The clear-cut line underneath the Peak 2 Peak is good for more than a steep drop into Fitzsimmons Creek on a powder day - some scientists from the University of British Columbia in Vancouver are using the cleared area to conduct an experiment, studying how an endangered B.C. tree will fare in the face of climate change.

Dr. Sally Aitken and her then-graduate student Sierra McLane planted about 700 whitebark pine saplings at six sites under the Blackcomb side of the gondola last autumn. On Oct.23 they went back for the first time to see how those trees - most just a few centimetres tall - are doing. "They're faring better than I expected," said Aitken, who worried that many of the trees wouldn't have taken hold. "When you're dealing with an endangered species you just want to see them thrive."

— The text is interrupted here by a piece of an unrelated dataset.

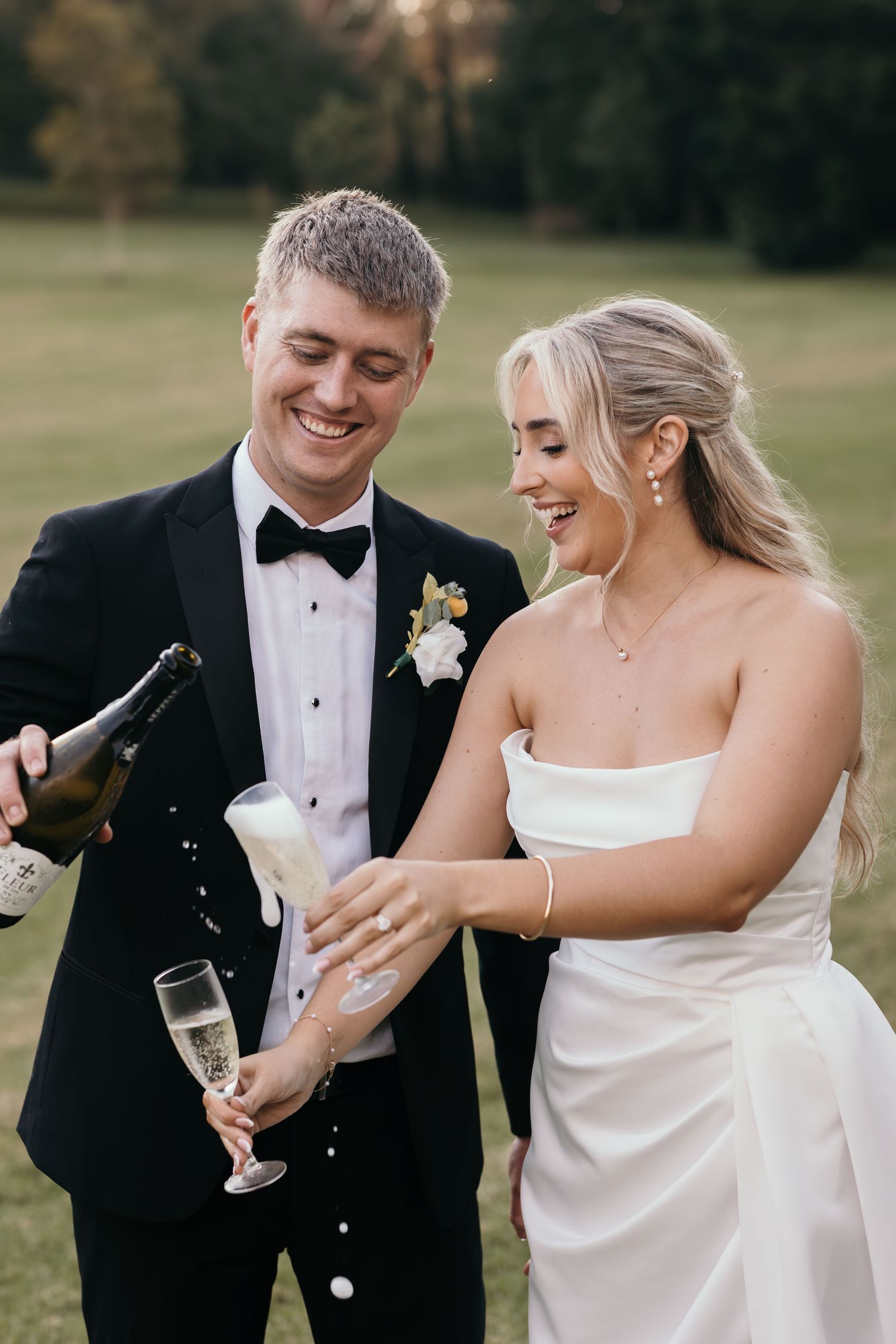 Bride and groom smiling while pouring champagne outdoors, groom in black tuxedo, bride in strapless white gown.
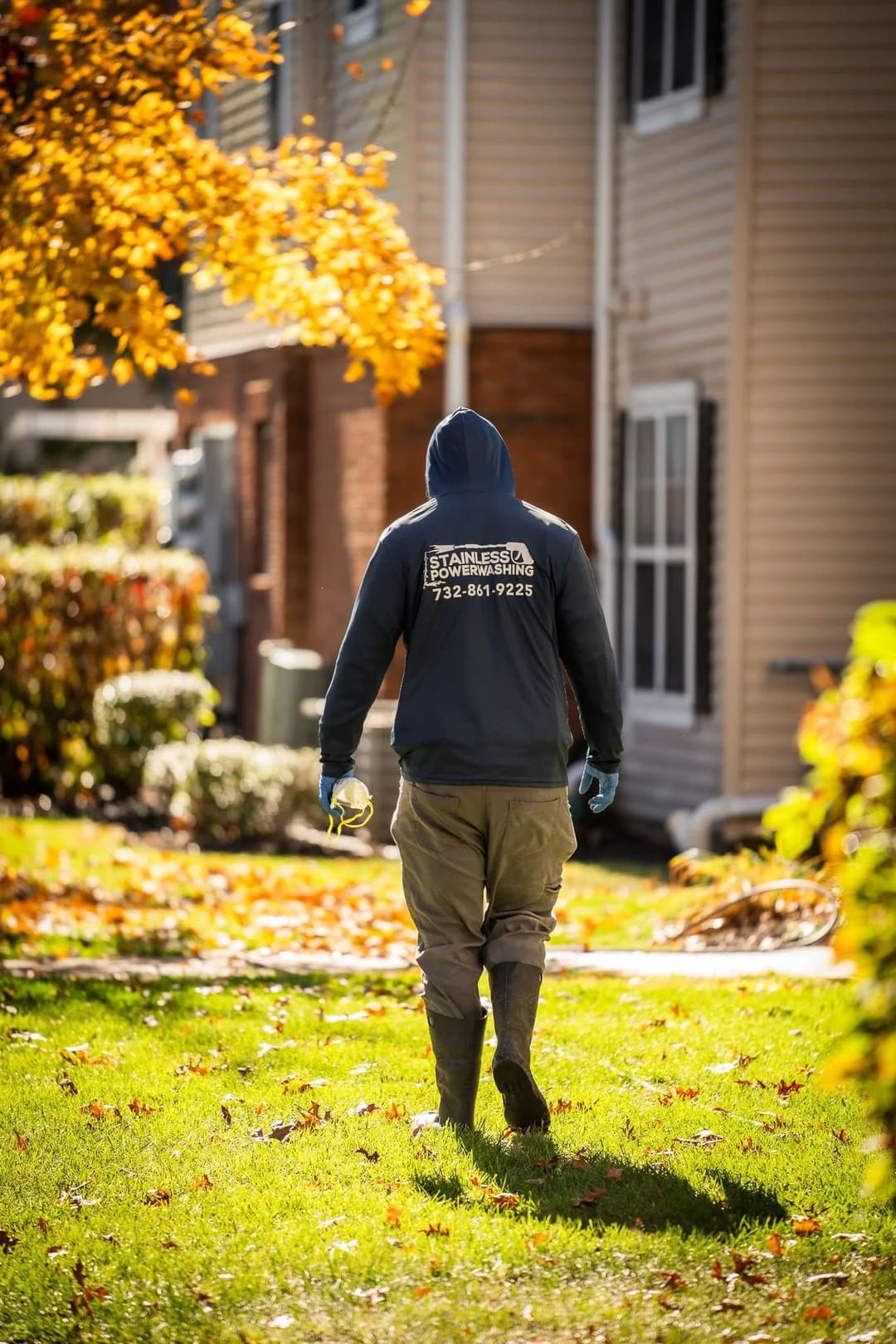Landscaper in a hoodie and gloves walking through a leaf-strewn yard in autumn.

The idea behind the experiment is to use the clear-cut strip as a sort of time machine. As anyone who has been hiking up the mountain knows, it's colder at the top than at the bottom - by about 3C on average. Decades from now, temperatures at the top of the mountain might be more like those at the bottom, as the world warms from all the extra carbon dioxide pumped into the atmosphere. So the researchers are using the bottom of the mountain as a stand-in for future climate conditions. For that purpose, the line under the gondola is perfect - all facing southwest, and with easy road access. "They were looking on Google Earth for a suitable site. All of a sudden it was like: 'Peak 2 Peak', aha!" said Aitken.

The tree they're studying - the whitebark pine - was declared endangered in Canada in April 2010. Though this tree is hardy in cold climates, it faces a number of other challenges. It relies heavily on one bird - the big-beaked Clark's nutcracker - to disperse its seeds (the researchers have nick-named their research car "bean" after the bird's latin name, Nucifraga columbiana, because they, like the bird, are spreading seeds). And the whitebark pine is extremely slow-growing - it grows only a couple of millimetres a year, which means that other, faster-growing species often crowd it out.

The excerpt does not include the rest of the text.